Mandi 80 Dollar sebelum ke New York City

Pada tahun 2013, sekitar akhir musim dingin, saya kembali berkesempatan ikut konferensi American Comparative Literature Association (ACLA). Tahun sebelumnya saya tidak ke konferensi ACLA tapi ke simposium kecil yang intim di Manhattan, Kansas (lihat posting sebelumnya). Alasan utamanya adalah karena pada tahun 2012 konferensi ACLA diadakan di Toronto, Kanada. Saya kuatir tidak bisa masuk lagi ke Amerika kalau sudah nekad keluar AS untuk ikut acara di Toronto. Nah, pada tahun 2013 itu, saya kembali ikut konferensi ACLA untuk menyajikan satu esai yang saya rencanakan jadi satu bab di disertasi saya. Kali ini acaranya diadakan di New York, tepatnya di Manhattan, New York City, di Universitas bernama New York University.

Seperti hari-hari kemarin, saya tidak akan terlalu banyak cerita tentang perjalanan penting tersebut. Yang akan saya ceritakan adalah premis temuan saya waktu itu: bahwa mandi tidak menjamin kesegaran. Pada hari saya berangkat ke New York City itu, mandi malah membuat saya lesu.

Ceritanya, pagi itu saya harus naik pesawat pada pukul 8 lebih sekian. Jadi, saat itu saya masih ada kesempatan mengantarkan anak ke sekolah dan kemudian bersiap-siap. Ketika bersiap-siap itu, istri saya menyuruh saya cepat biar tidak ketinggalan pesawat. Tapi, karena saya ingin merasa nyaman saat berada di pesawat dan ketika transit nanti, saya pun menyempatkan mandi. Begitu selesai mandi, saya melanjutkan buru-buru dan kemudian berangkat ke bandara bersama istri saya.

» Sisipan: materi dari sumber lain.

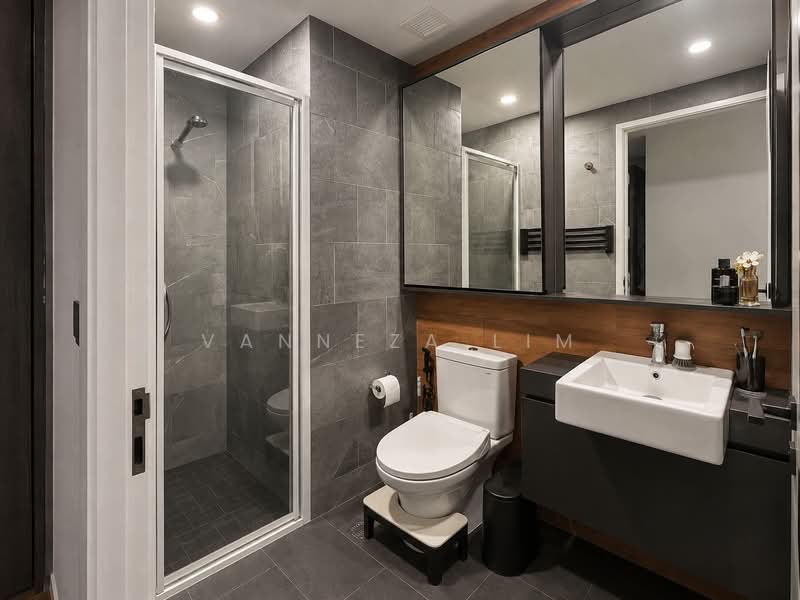 Rezi 24, 39 Lorong 24 Geylang, 2 Bedrooms, 657 sqft, Apartment For Sale, by Vanneza Lim, 500234245 - Bathroom - PropertyGuru.com.sg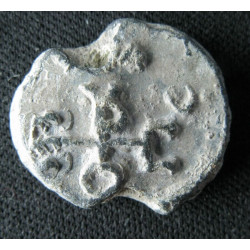 Sergios et Eirenaia (?). Sceau byzantin en plomb (Ø 18 mm, 5,38 g). VIIᵉ siècle.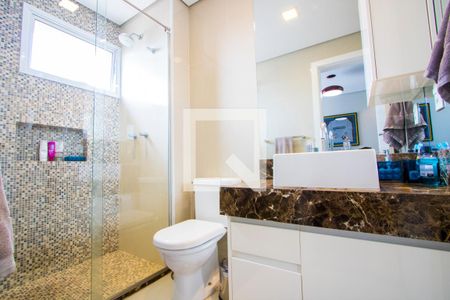 Apartamento à venda com 236m², 3 quartos e 4 vagasBanheiro do quarto 2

Sayangnya, sekencang apa pun saya menyetir, tetap saja saya tiba di bandara tepat 15 menit sebelum pesawat berangkat. Istri saya minta untuk tidak buru-buru meninggalkan bandara. Waktu saya tiba di konter check-in, petugas mengatakan bahwa saya sudah terlambat. Katanya, memang saat ini pesawat belum berangkat, tapi sudah tidak mungkin lagi saya mengantri di pemeriksaan dan berjalan ke ruang tunggu gate, dan masuk ke pesawat tanpa merepotkan terlalu banyak orang.

Alhasil, saya hanya pasrah ketika petugas mengatakan bahwa saya sudah tidak bisa ikut terbang dengan pesawat saya dan harus mengambil penerbangan berikutnya. Itu pun saya masih harus menjadwalkan ulang karena biang dari kesalahan tersebut adalah saya sendiri. Untuk menjadwalkan ulang, saya hanya bisa pasrah dengan jadwal yang tersedia DAN tetap ada biaya tambahan. Maka, setelah petugas memeriksa jadwal dan mempertimbangkan ini-itu diputuskanlah bahwa saya bisa ke New York City dengan penerbangan pada hari itu juga tapi agak sore.

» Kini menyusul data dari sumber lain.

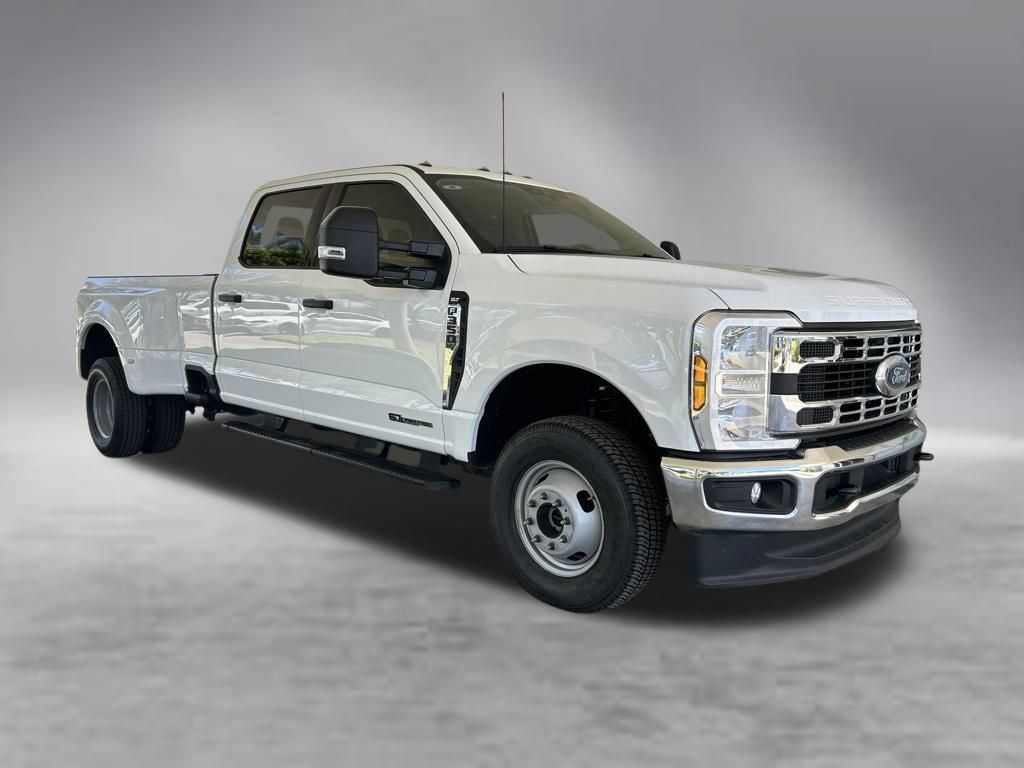 Used 2026 Ford F350 XLT AWD/4WD image 2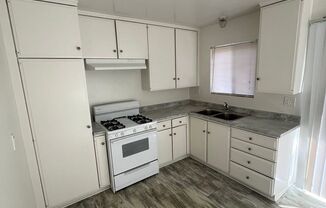 2 beds, 1 bath, $1,695, Unit B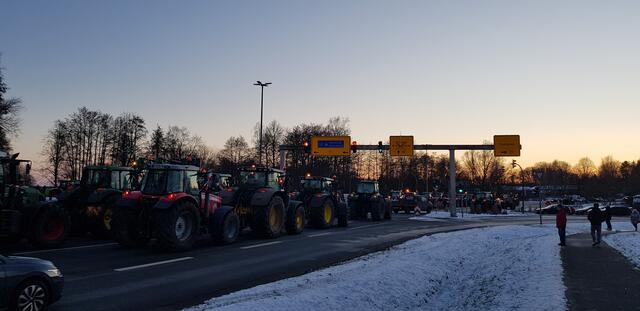 Trecker blockieren die Kreuzung von B73 und B74 | Foto: K.H.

Karena waktu masih cukup lama, akhirnya saya dan istri memutuskan untuk keluar bandara dan mencari tempat untuk ngopi dan sekadar makan burger. Istri saya tentu marah. Saya hanya seorang mahasiswa pascasarjana yang penghasilannya hanya berasal dari uang assistantship yang tidak seberapa dan buat hidup sekeluarga pun kadang sudah ngepres. Untuk penjadwalan ulang itu, saya harus mengeluarkan 80 dolar.

Kalau Anda marah dan sebal ketika ditarik bayar 5000 rupiah atau 10.000 rupiah ketika mandi di terminal, ingatlah bahwa saya pernah mengeluarkan 80 dolar karena mandi. Bersyukurlah.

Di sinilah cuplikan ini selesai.